While on vacation in Tanzania, East Africa I stayed at one of the most fascinating locations in the world. The Ngornogoro Crater, a fish bowl of wildlife, its hard to imagine the diversity and amount of wildlife that inhabit this once live volcano. We stayed high above the crater in a Lodge built on the rim of the extinct volcano. The lodge was beautiful, surrounded by the rain forest roads, only a four wheel drive vehicle can get you there. The evenings were spent gazing into the sky at the stars of the southern hemisphere, were I met this wonderful lady named Chaad, a.k.a Star Gazer, she resides in England and was also on vacation. She taught me things about the stars I never knew. What I did know was the stars were so close we could touch them.

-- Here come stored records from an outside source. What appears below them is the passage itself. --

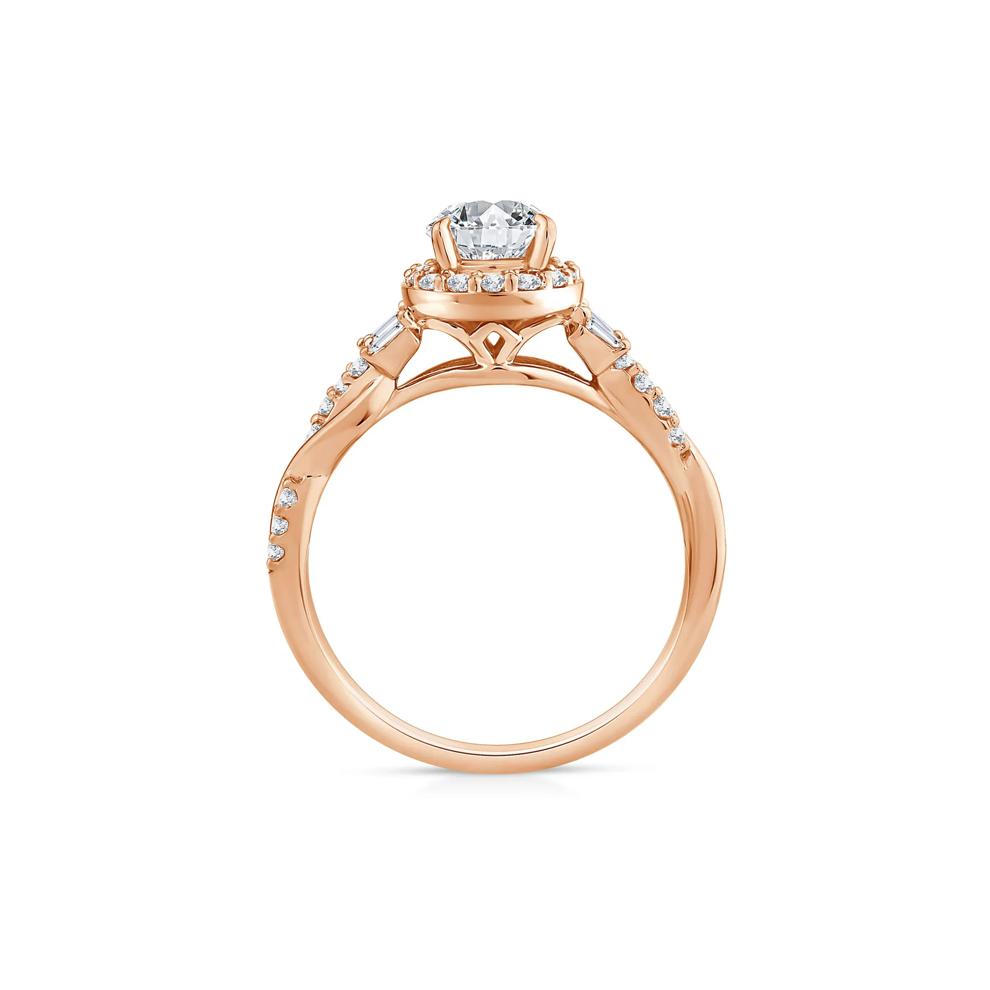 Lab Grown Diamond Pear-Shaped Halo Engagement Ring in 10K Rose Gold (1 ct. tw.) – Image 2 of 3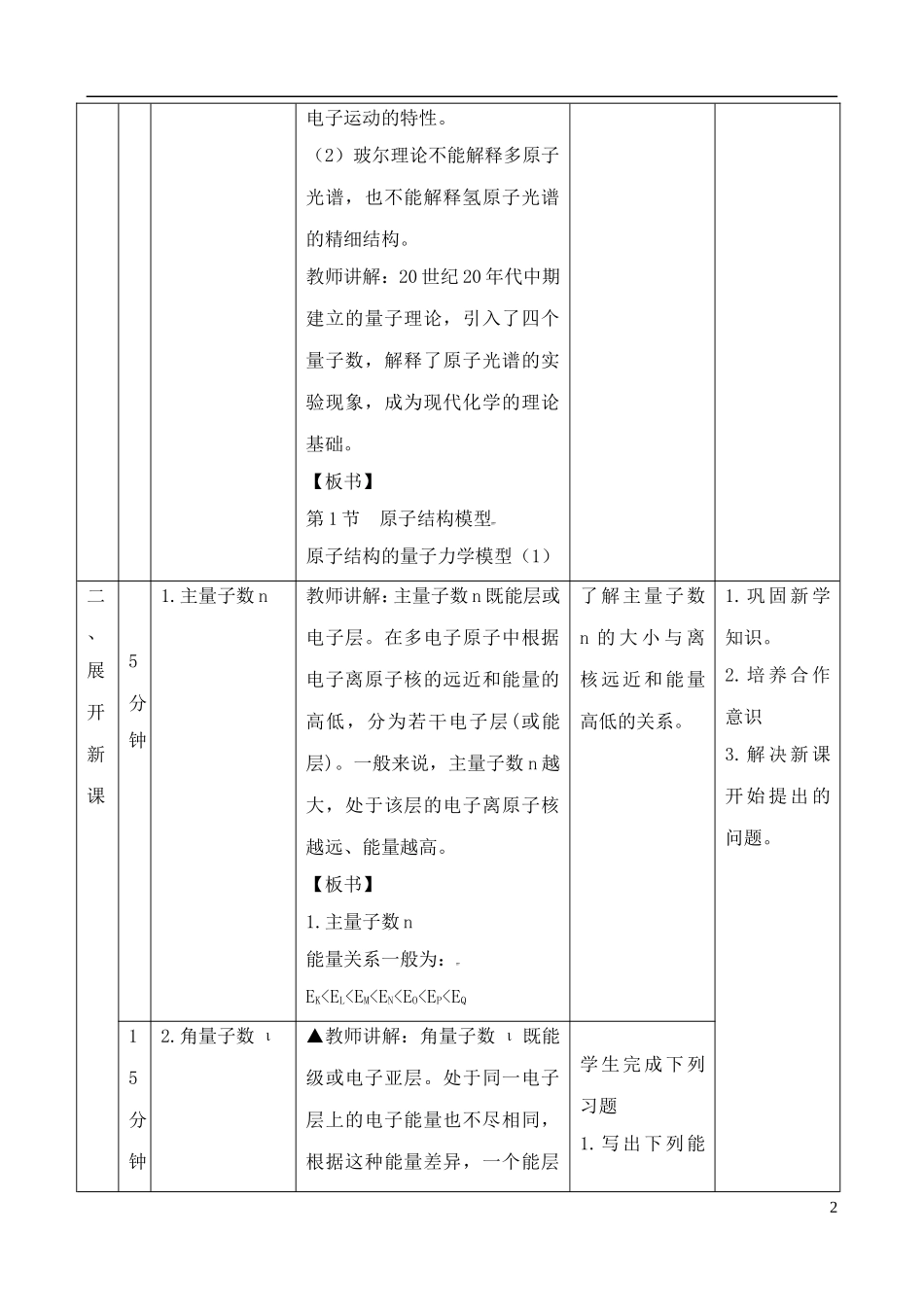 高中化学 1.1.2原子结构模型教案 鲁教版选修3_第2页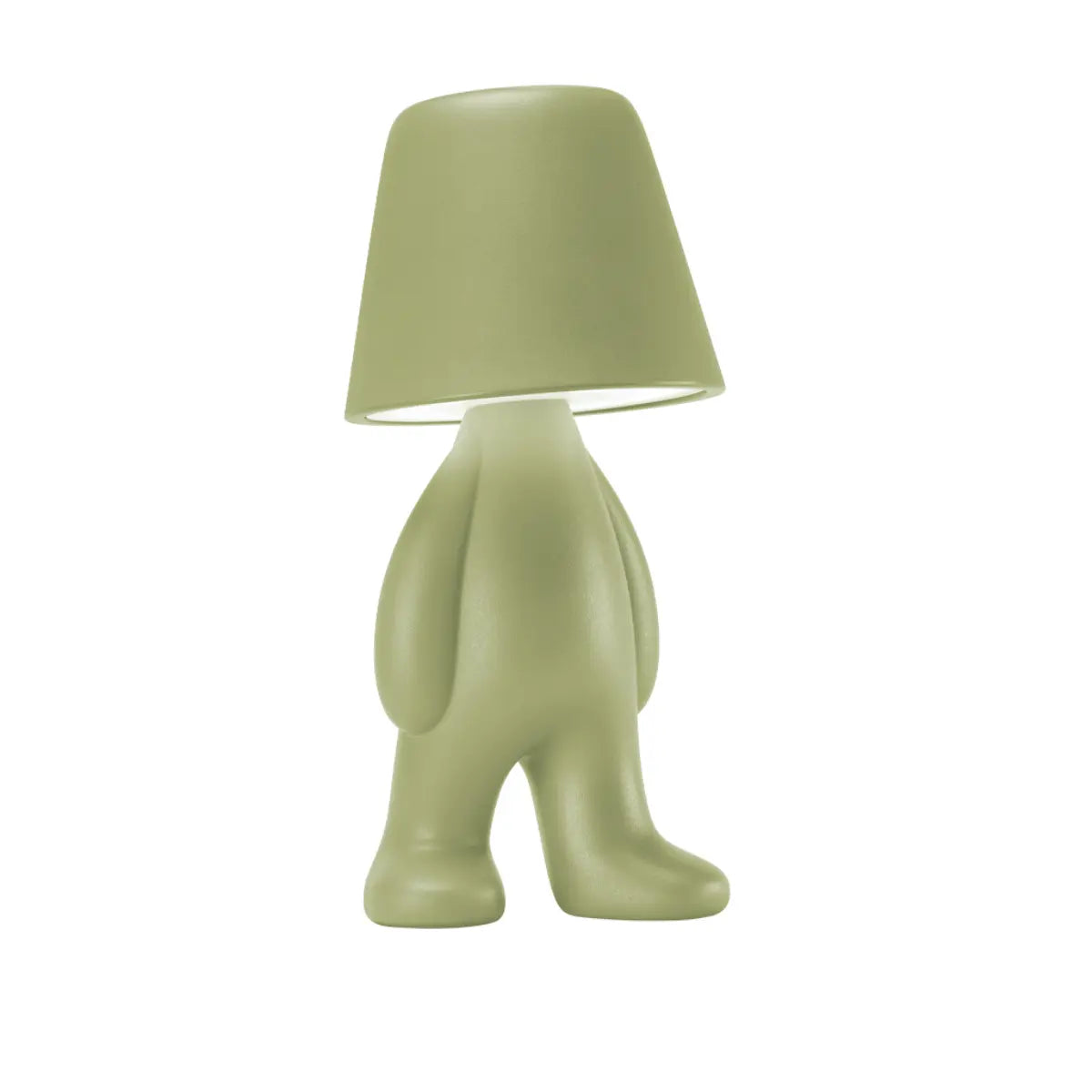 Lampada verde a forma di personaggio in piedi con testa a forma di paralume Qeeboo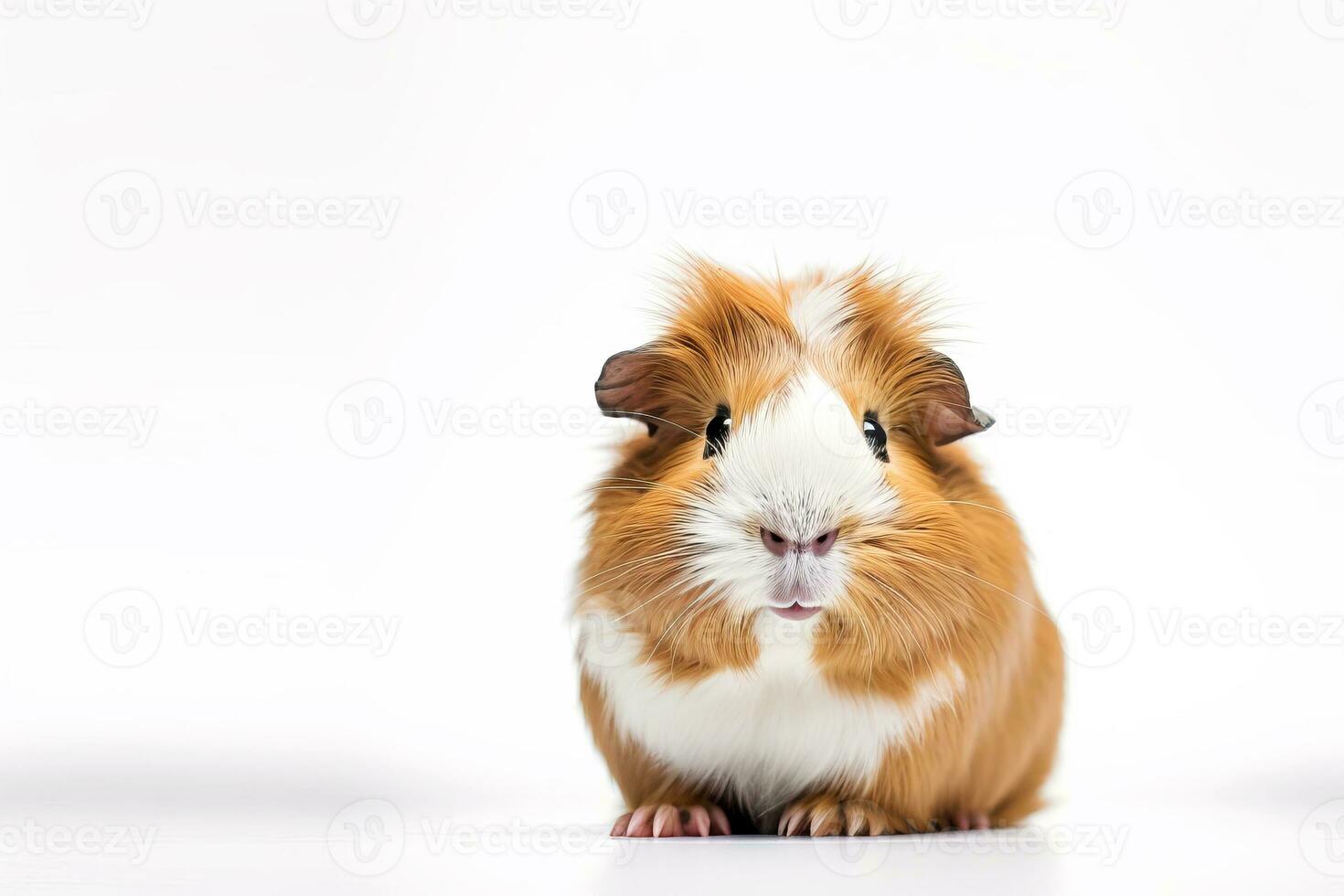 Cute guinea pig on a white background. AI generated photo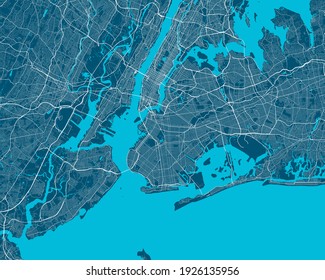 Detailed map of New York city administrative area. Royalty free vector illustration. Cityscape panorama. Decorative graphic tourist map of New York territory.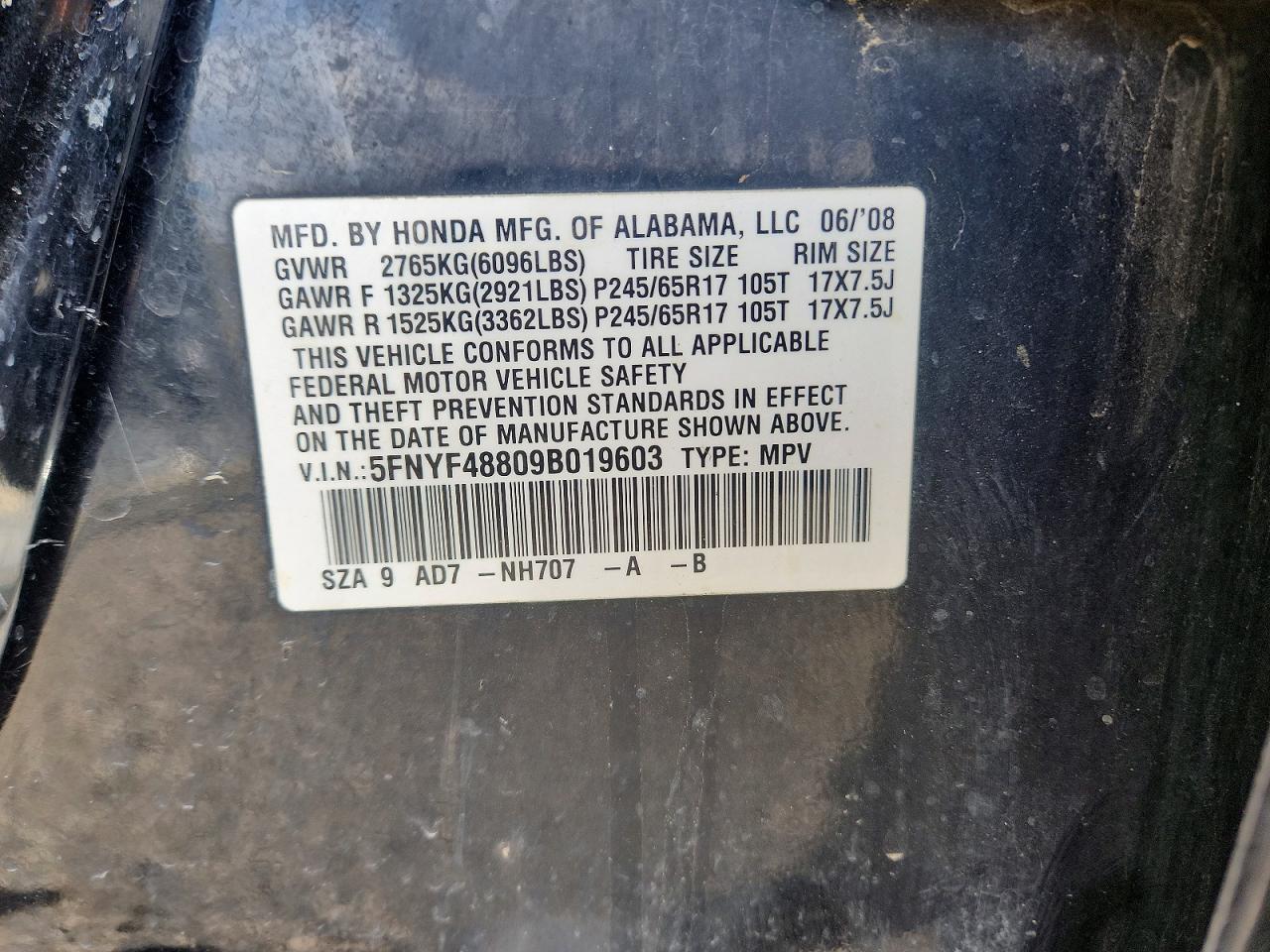 2009 HONDA PILOT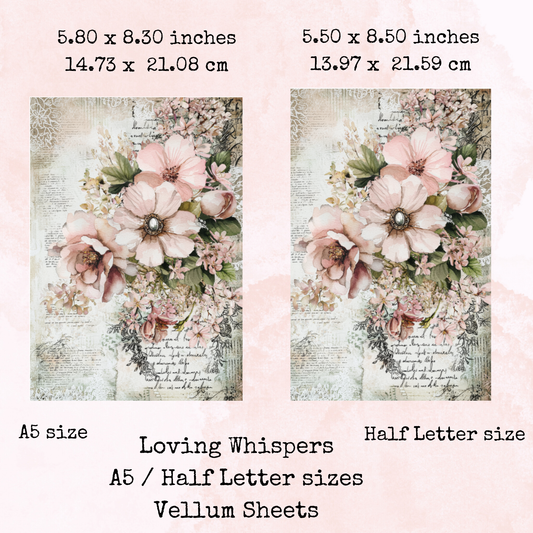 Loving Whispers - Printed Vellum - Stationery - Watercolour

The visits below in the crater were amazing, I have so many stories to tell there, this story though was one that occurred at the Lodge. Our safari guide would have us ready in the morning early for our trek down to the crater floor, the drive took some time. The air was cold and we definitely looked forward to the warmth below. We rose up to the sun shining through our window, time for the morning rituals, you know go potty and brush your teeth and to our surprise there was no water, not a drip. I heard sounds in the hallway and as I emerged from my room there appeared to be a parade of people heading toward the front desk of the lodge. Well, I was feeling kind of yukky and was very curious on what had happened so I continued to the front desk. Outside I noticed a very large elephant and a big hole in the ground, I didn't think I needed further explanation. I did find one important fact, elephants can climb mountains, what this big guy did was find the main water line to the lodge, he opened it up for his morning bath, feeling cool and refreshed he ventured on his way. In the mean time we were without our baths and you can bet most of us had bad breath. We got our bottled water and did a quick freshen up and were on our way towards the Ngornogoro Crater floor. The people who work and live here didn't seem to be bothered by this inconvenience at all, they were quite accustomed to this type of event. We were told that the forest belongs to the animals here and if they cause us a bit of inconvenience it is just the way it has to be. A little bit of a surprise for us, but there was one big beautiful and very clean elephant that we sacrificed a little water for. After all it did belong to the animals.